Peut-être le but de cette pratique passée était que les gens élisent à nouveau ce maire, qui distribuait de « l’argent gratuit » …

Je ne sais pas si c’était vraiment le cas, mais j’imagine que votre hypothèse n’est pas infondée. Je suis d’accord avec mes prédécesseurs sur l’idée que si un village dispose d’un supplément d’argent, il faut en faire profiter les habitants. Toutefois, c’est dans les investissements plutôt que dans les dons que je vois le progrès. Et ça, une partie importante de la population a du mal à le comprendre. Beaucoup vivent au jour le jour et ne pensent pas à long terme et votent plus pour les avantages du moment que pour le bien-être dans l’avenir. Il est vrai que l’école et l’école maternelle sont bien équipées, que le bâtiment de la mairie est correct, mais c’est bien peu. Actuellement ce qui manque dans le village, c’est un lieu de divertissement communal pour les jeunes. On peut continuer à tourner autour du pot, mais tout le monde sait que les Roms ne sont guère admis dans ce genre d’endroit. J’en ai fait souvent l’expérience moi-même en tant que femme adulte et aussi en tant que mairesse quand mon frère cadet et moi nous sommes vus refuser l’entrée dans une discothèque à Siófok. Le plus « drôle » est que dans ce genre de lieu de divertissement ils jouent volontiers de la musique tsigane, mais ils en interdisent l’accès à la chanteuse du groupe Fekete Vonat (« train noir » en français) ou aux membres de l’orchestre Parno Graszt (« cheval blanc » en langue rom).

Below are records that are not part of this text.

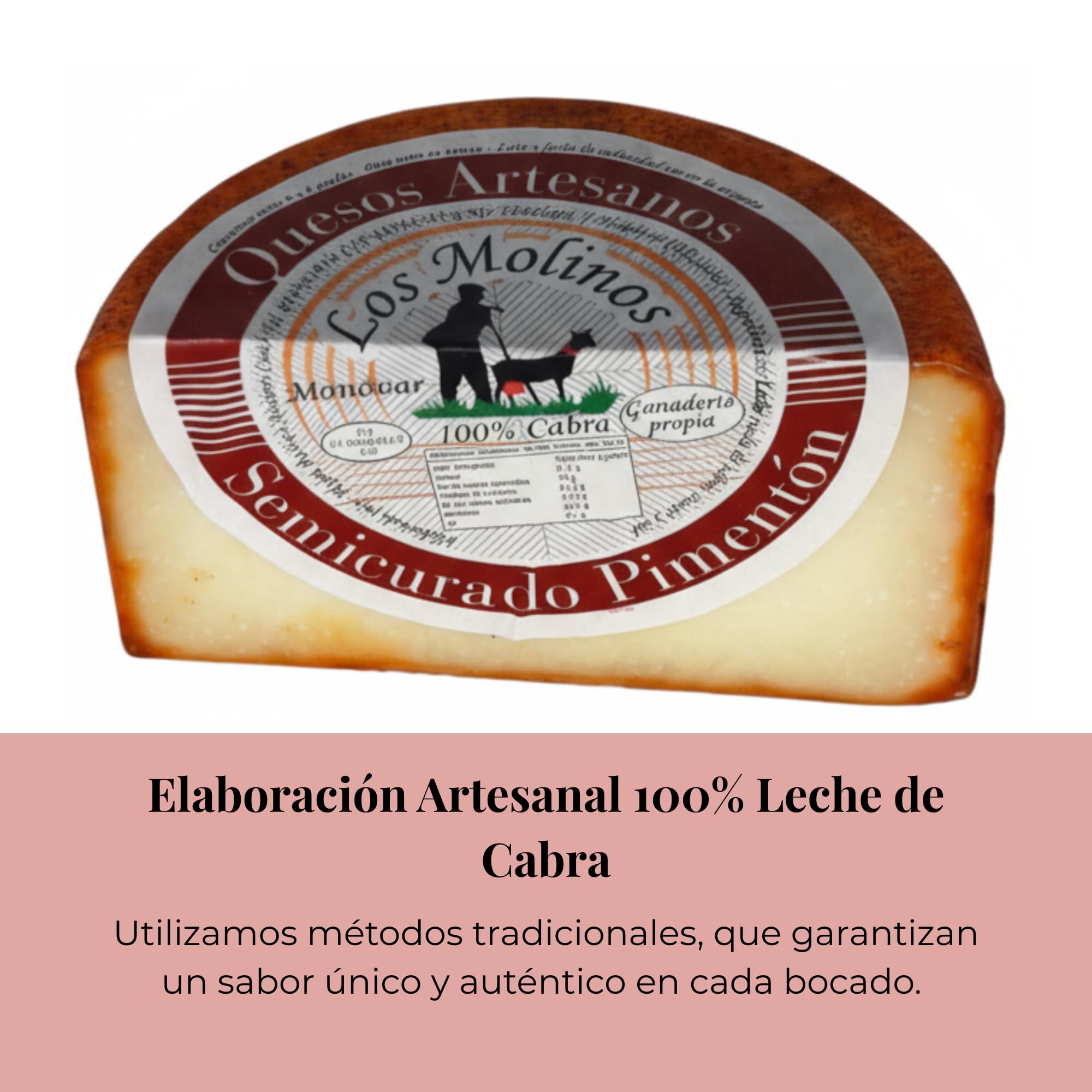 Queso Artesano Semi Curado Pimentón 100% Leche de Cabra Medio Gourmet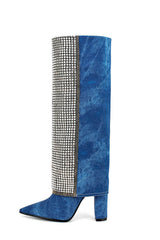 Denim Folded Rhinestone Knee High Pointed Toe Block Heel Long Boots
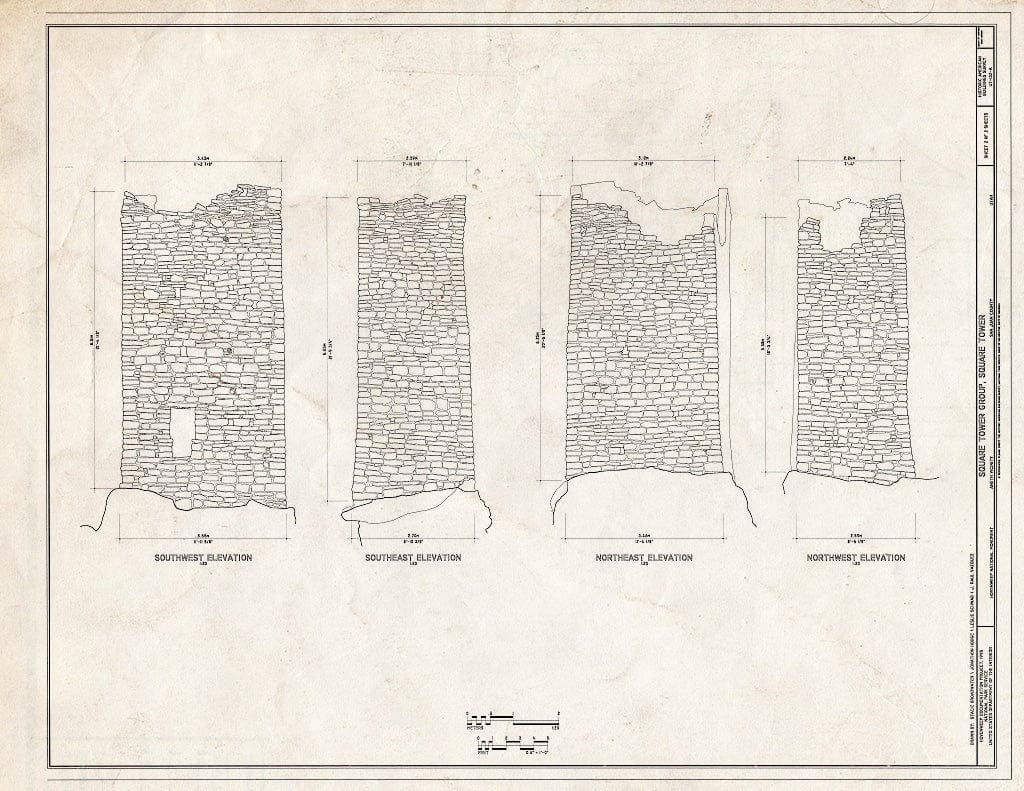 Blueprint HABS Utah,19-ANET.V,1A- (Sheet 2 of 2) - Square Tower Group, Square Tower, Near Park Headquarters, Aneth, San Juan County, UT
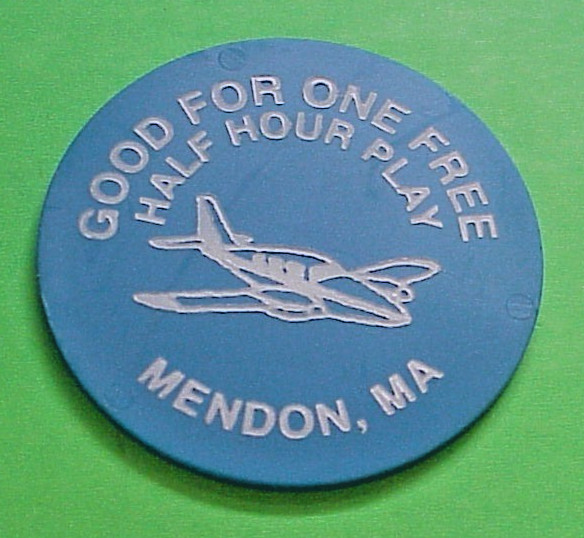 MENDON  MASSACHUSETTS GOOD FOR ONE HALF HOUR PLAY  REVERSE SAME  TRADE TOKEN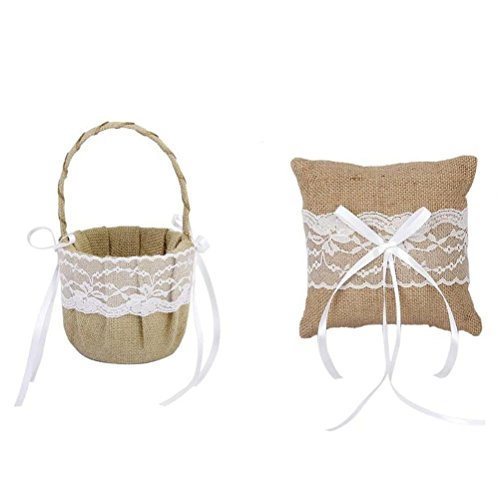 PIXNOR - Cesta de niña de flor + cojín almohada para anillo de boda de tela de yute y encaje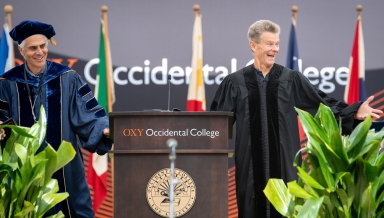 President Tom Stritikus and Professor of Kinesiology Stuart Rugg at Commencement in May 2025.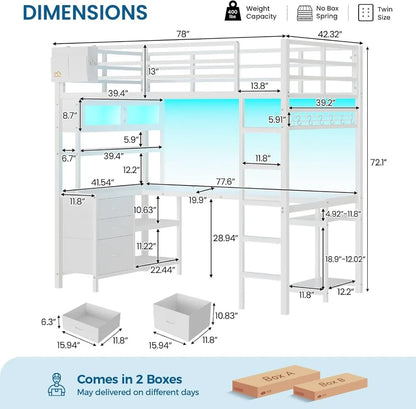 Twin Loft Bed w/ L‑Desk, LED, Drawers, USB & Safety Rail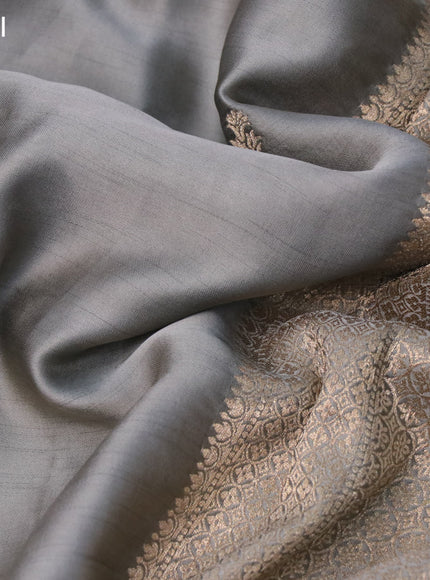 Mushru silk saree grey with zari woven buttas and zari woven butta border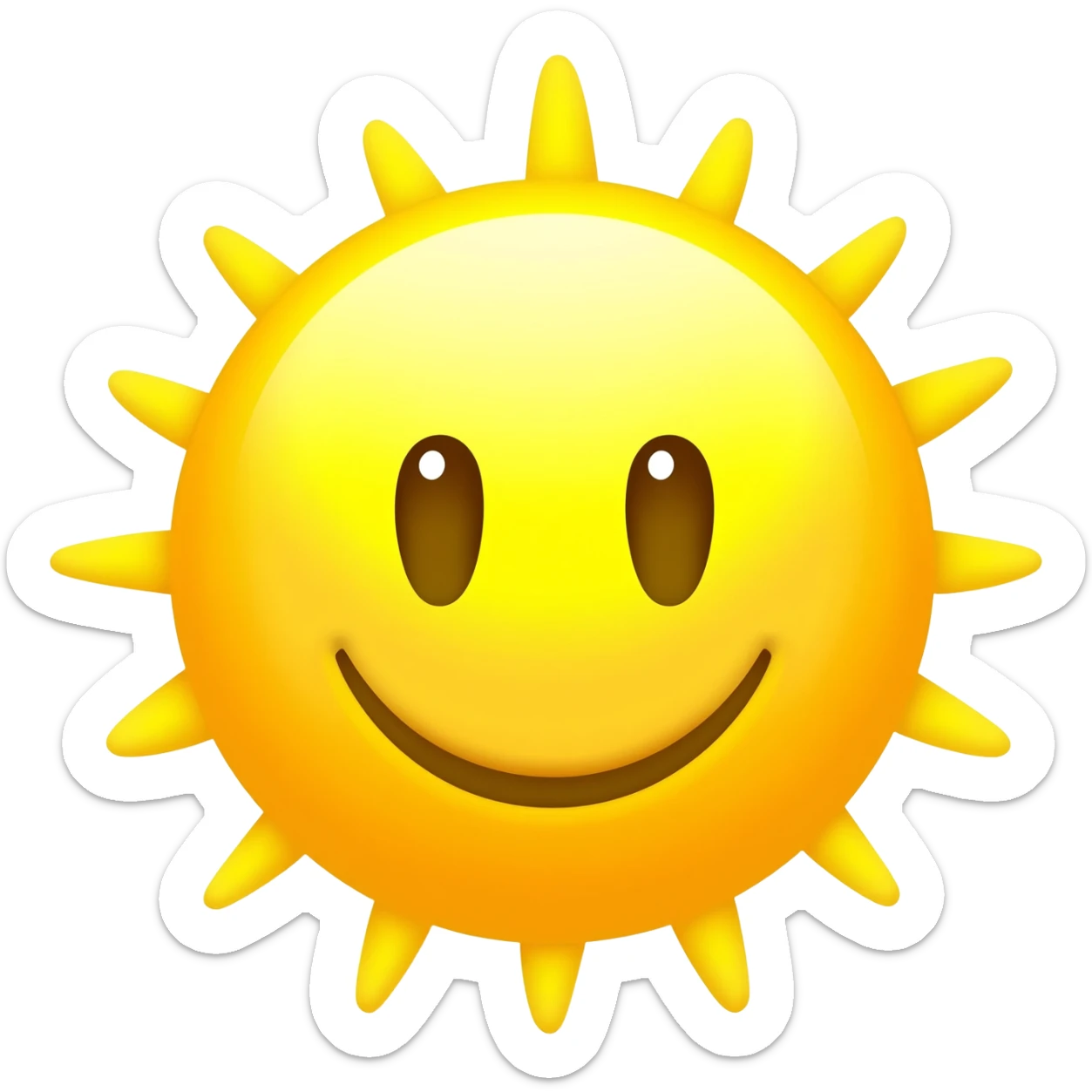 round yellow face with tiny sun rays sticking out, looking happy and glowing. sticker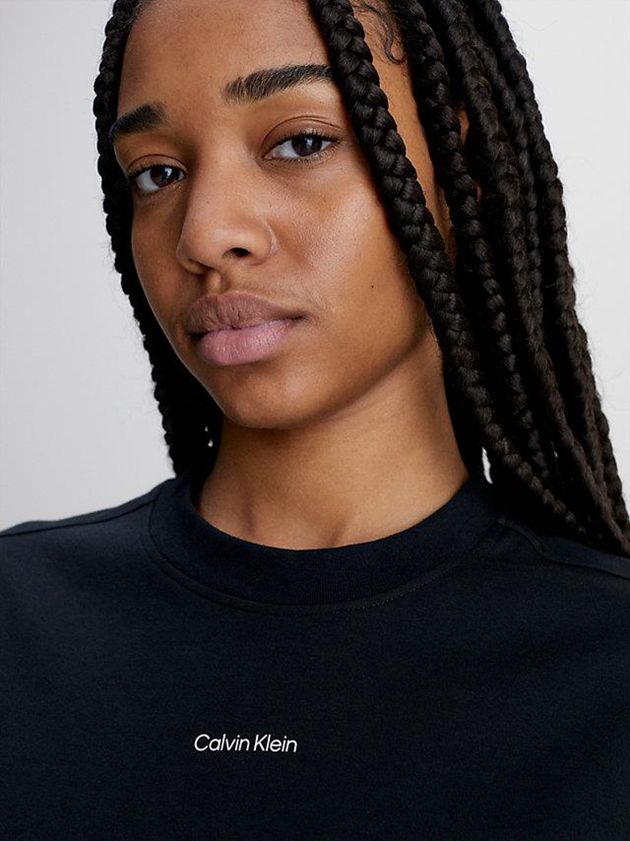 Black Calvin Klein Oversized T-Shirt Women Dress | MAHK-14578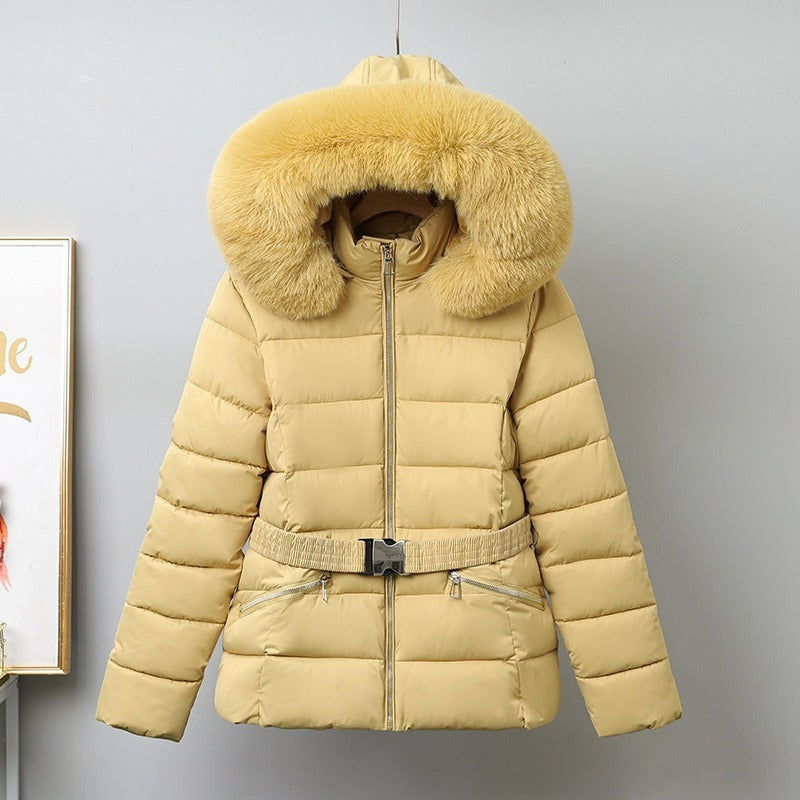 Damen Pufferjacke Gürtel Abnehmbare Fellkapuze Gesteppt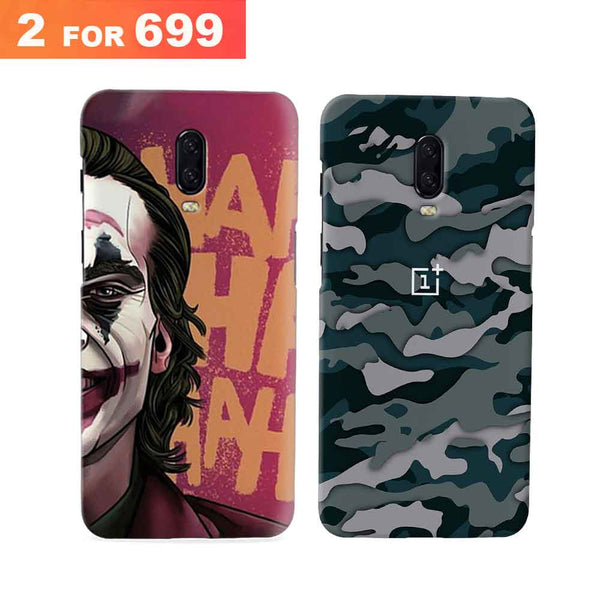 Combo Offer On Joker And Green Camo Pattern Mobile Case For Oneplus 6T ( Pack Of 2 )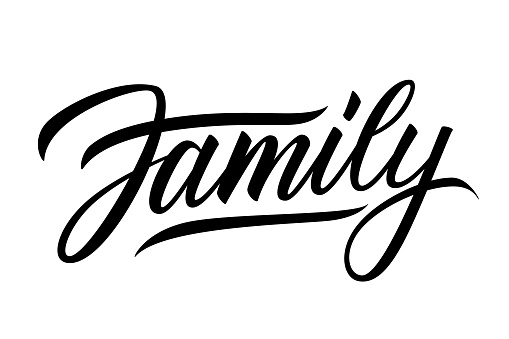 Family - handwritten lettering word. Black inscription on white background. Vector illustration.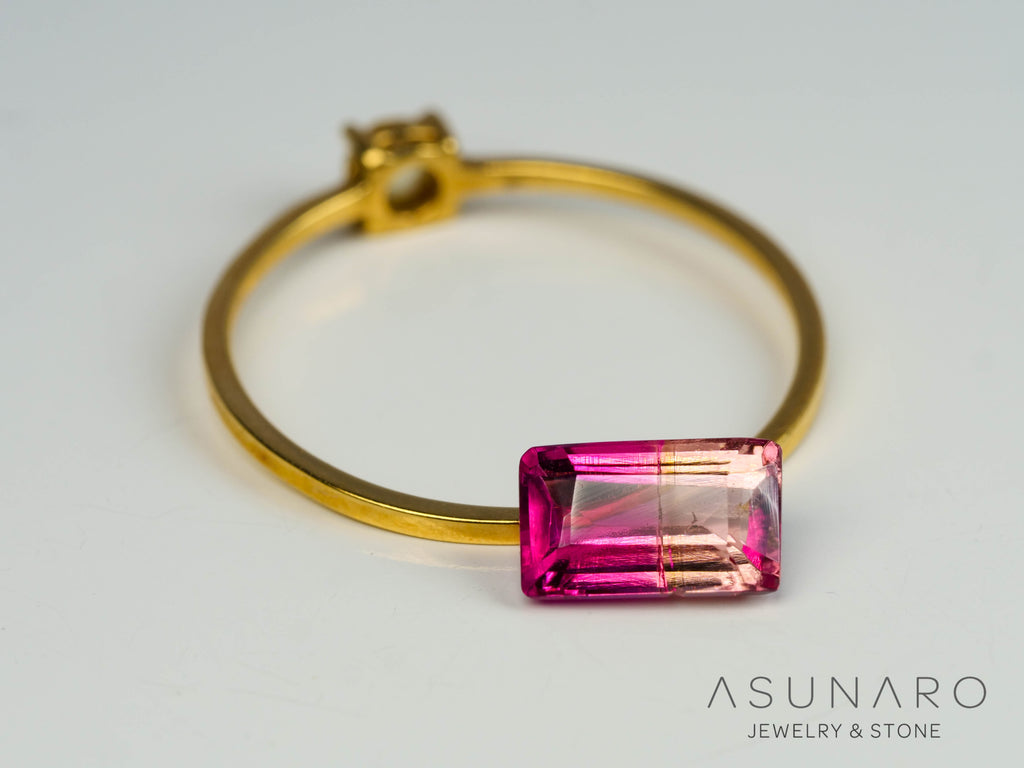 バイカラートルマリン　スクエアカット　アフガニスタン産　0.94ct【250818-2865】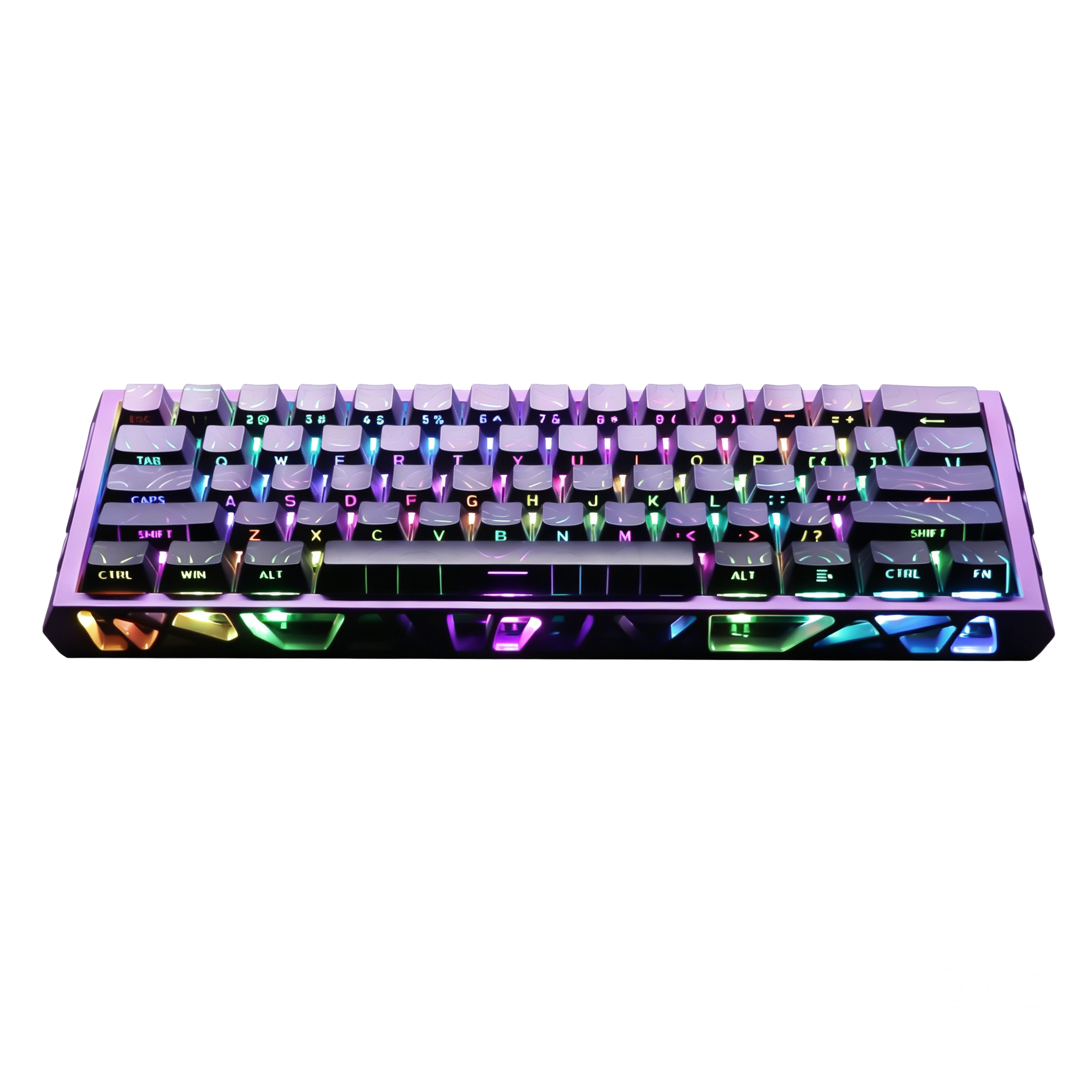 GAMINJA Mechanical Gaming Keyboard,Ultra Compact 60% Form Factor,61 Key Hot Swappable Mechanical Gaming Keyboard,RGB Backlit,Compatible with Windows Laptops, PC and Mac(Purple&Black)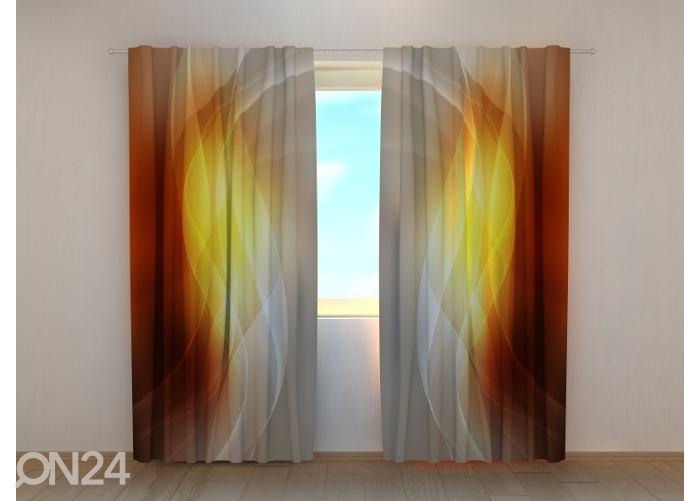 Poolpimendav fotokardin Abstract Orange Waves 240x220 cm suurendatud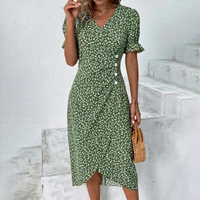 Schönes lässiges Sommerkleid für Damen | Mini – Grün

Faut- il construire un lieu de divertissement destiné aux seuls jeunes roms pour résoudre ce problème ? Cela ne va-t-il pas accroître le fossé béant actuel entre les jeunes roms et les jeunes non roms ?

Nous n’avons pas d’autres moyens. Si je jette un regard sur les 30 années passées, je dois constater avec tristesse que la situation est pire qu’avant le changement de régime. À l’époque, un plus grand nombre d’enfants roms doués pouvait espérer grimper un peu plus haut dans l’échelle sociale. En revanche, aujourd’hui une femme rom comme moi, diplômée et parlant plusieurs langues est traitée comme un oiseau rare. Chez nous l’école générale[3]L’école générale en Hongrie regroupe les 8 premières années de scolarité après l’école maternelle. Elle correspond donc en France à l’ensemble « école primaire + collège » se focalise sur le rattrapage et en aucune façon sur le développement des talents. Parmi les élèves terminant l’école générale, tout au plus trois ou quatre Roms continuent vers le lycée, mais la majorité d’entre eux abandonnent. Ils sont confrontés au fait que leur environnement n’est pas amical, entre eux et leurs camarades de classe il n’y a pas de langage commun, chacun ignore la culture de l’autre et ils n’essayent pas d’être plus proches de l’autre. Pour un enfant rom de 14-15 ans, qui n’a pas le soutien de sa famille, un tel milieu est un véritable enfer, où le mieux est d’en sortir et de revenir au plus vite au village. Même s’il annule ses chances d’un meilleur avenir.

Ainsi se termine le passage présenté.